-- SOURCE MATERIAL follows --

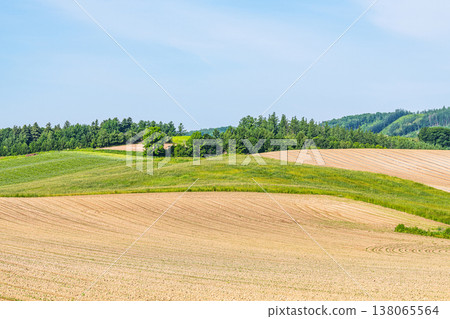 北海道的夏天:廣闊的農田,綠色與棕交相輝映,景色優美(農業圖) 北海道的夏天:廣闊的農田,綠色與棕交相輝映,景色優美(農業圖) 138065564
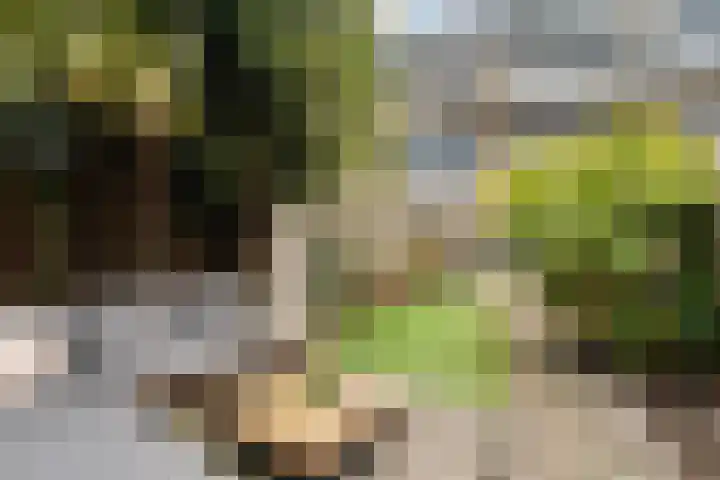 Donizettirode 11 Zoetermeer thumbnail 22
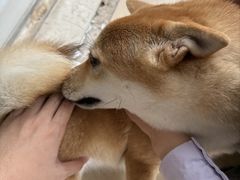 -爱诺耐芙动物医院(万博店)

-- SOURCE MATERIAL concluded --

WHAT YOU NEED TO DO
Locate the line containing "Donizettirode 11 Zoetermeer thumbnail 22" in the material above, then repeat it and every later line exactly, with no pictures.

RESPONSE AREA
 Donizettirode 11 Zoetermeer thumbnail 22
 -爱诺耐芙动物医院(万博店)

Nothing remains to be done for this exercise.